Aim of the task:
Though the records contain pictures, copy none of them; repeat exactly the lines from the one with "見晴から丁須の頭(浅間山の前" to the end.

###

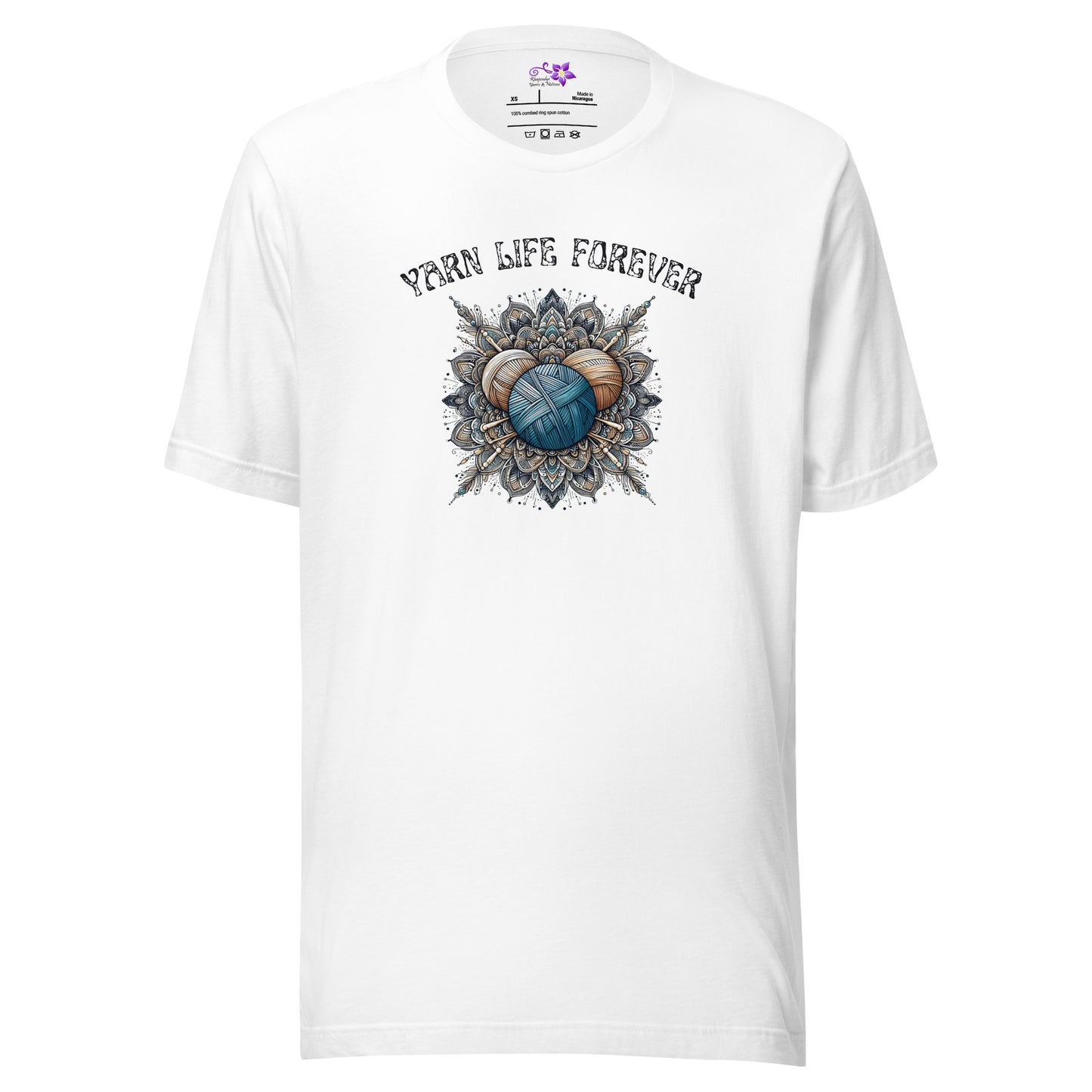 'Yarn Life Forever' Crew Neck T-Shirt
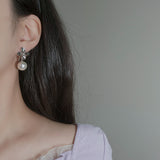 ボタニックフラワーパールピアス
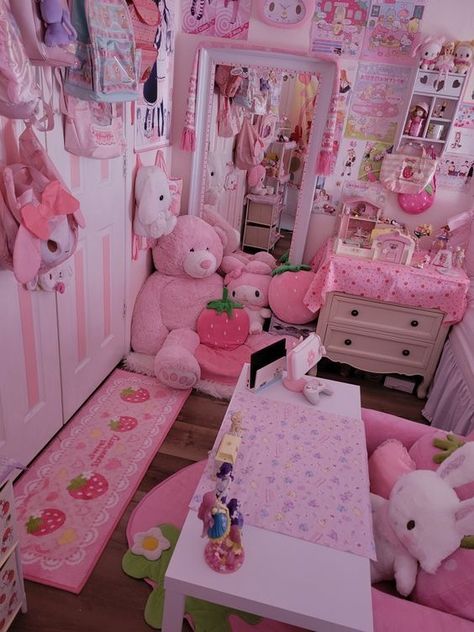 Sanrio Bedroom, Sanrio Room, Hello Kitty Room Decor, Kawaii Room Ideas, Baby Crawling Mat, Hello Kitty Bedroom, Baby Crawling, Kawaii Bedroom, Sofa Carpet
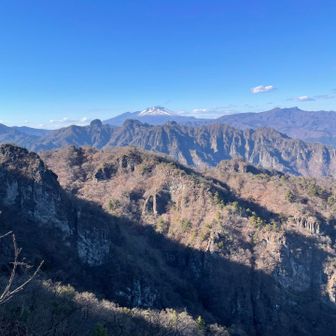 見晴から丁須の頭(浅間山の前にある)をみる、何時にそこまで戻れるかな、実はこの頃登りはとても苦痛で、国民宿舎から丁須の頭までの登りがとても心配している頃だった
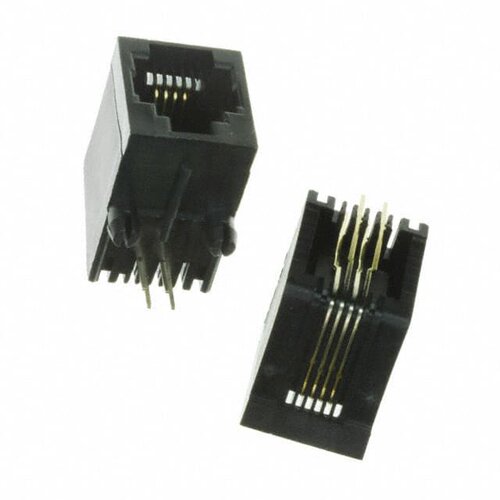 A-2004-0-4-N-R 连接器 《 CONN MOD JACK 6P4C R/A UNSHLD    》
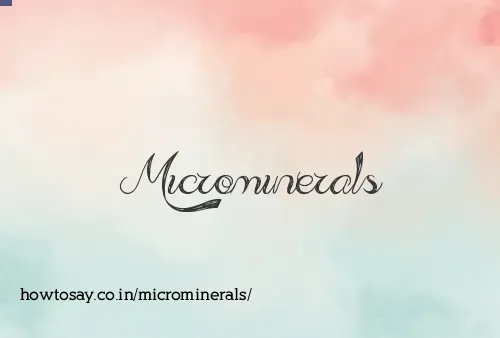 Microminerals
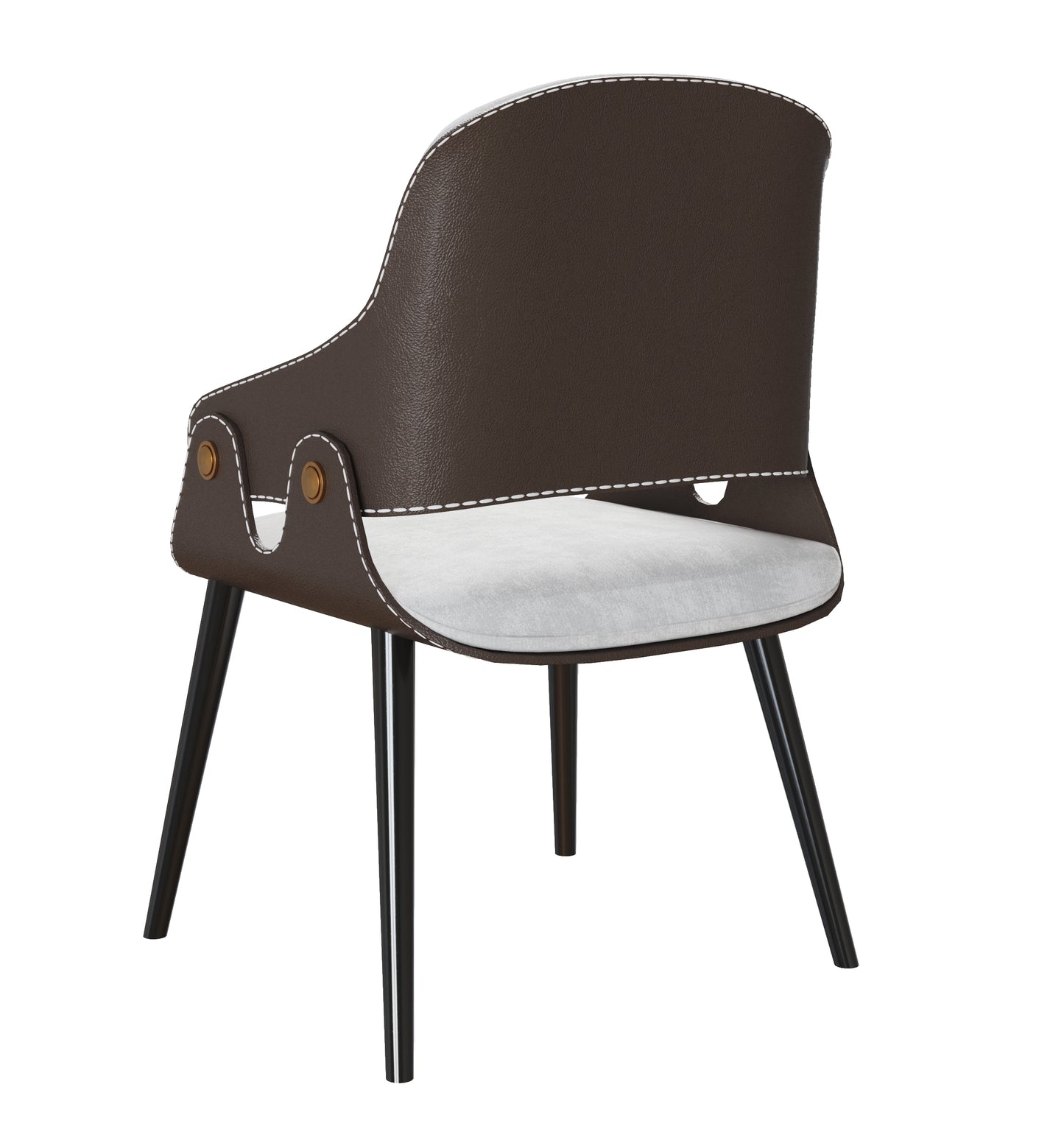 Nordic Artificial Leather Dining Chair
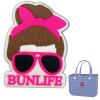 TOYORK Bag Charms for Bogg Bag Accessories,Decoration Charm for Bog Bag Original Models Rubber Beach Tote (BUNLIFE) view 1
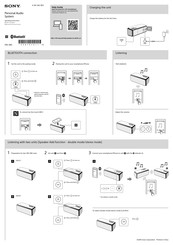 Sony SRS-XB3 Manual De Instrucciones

###

Task solution:
 見晴から丁須の頭(浅間山の前にある)をみる、何時にそこまで戻れるかな、実はこの頃登りはとても苦痛で、国民宿舎から丁須の頭までの登りがとても心配している頃だった
 A-2004-0-4-N-R 连接器 《 CONN MOD JACK 6P4C R/A UNSHLD    》
 Microminerals
 Nordic Artificial Leather Dining Chair
 TOYORK Bag Charms for Bogg Bag Accessories,Decoration Charm for Bog Bag Original Models Rubber Beach Tote (BUNLIFE) view 1
 Sony SRS-XB3 Manual De Instrucciones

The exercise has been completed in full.